We have implemented lightweight spin-wait loops as the core of our synchronization primitives. They are written using x86 assembly instructions, and operate entirely at user space on shared synchronization variables. When such loops are executed on processors supporting HT technology, they can induce additional performance penalty due to memory order violations and consequent pipeline flushes caused upon their exit. Furthermore, they consume significant resources since they spin much faster than the time needed by the memory bus to perform a single update of the synchronization variable. These resources could be otherwise used to make progress on the other logical processor. In order to overcome these issues, we have embedded the pause instruction in the spin loop, as recommended by Intel [4]. This instruction introduces a slight delay in the loop and de-pipelines its execution, preventing it from aggressively consuming valuable processor resources. These are resources that are shared dynamically between the two threads on a hyper-threaded processor; execution units, branch predictors and caches are some examples.

However, some other units, such as micro-ops queues, load/store queues and re-order buffers were designed to be statically partitioned, such that each logical processor can use at most half of their entries. When a thread executes a pause, it does not releases the entries reserved for it. It continues to occupy them, while they could be entirely allocated to the sibling thread to help it execute at a greater efficiency. By using the privileged halt instruction, a logical processor can relinquish all of its statically partitioned resources, make them fully available to the other logical processor, and stop its execution going into a sleeping state. When it later receives an inter-processor interrupt (IPI) from the active processor, it resumes its execution and the resources are partitioned again.

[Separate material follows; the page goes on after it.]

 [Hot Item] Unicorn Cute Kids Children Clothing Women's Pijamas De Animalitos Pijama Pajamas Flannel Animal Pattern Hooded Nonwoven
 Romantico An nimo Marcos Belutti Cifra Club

The halt instruction is primarily intended for use by the operating system scheduler. Multithreaded applications with threads intended to remain idle for a long period, could take advantage of this instruction to boost their execution. This was the case for some of the multithreaded codes we developed throughout our study. We implemented kernel extensions that allow from user space the execution of halt on a particular logical processor, and the wake-up of this processor by sending IPIs to it. By integrating these extensions in the spin-wait loops, we are able to construct long duration wait loops that do not consume significant processor resources. Excessive use of these primitives, however, in conjunction with the resultant multiple transitions into and out of the halt state of the processor, incur extra overhead in terms of processor cycles. This is a performance tradeoff that we took into consideration throughout our experiments. Using the spin-wait loops, we implemented also barrier synchronization mechanisms with sense-reversing, as described in [12].

### 3.2 Implementing speculative precomputation

There are two main issues that must be taken into account in order to effectively perform software prefetching using the multiple execution contexts of a hyper-threaded processor. First of all, the distance at which the precomputation thread runs ahead of the main computation thread, has to be sufficiently large so that the data is prefetched into the caches before the computation thread makes use of it. At the same time it must be kept small enough, so that cache lines prefetched do not evict useful data in the cache that have not yet been consumed by the computation thread. Secondly, we must guarantee that the co-execution of the precomputation thread does not result in excessive consumption of shared resources that could be critical for the sibling computation thread.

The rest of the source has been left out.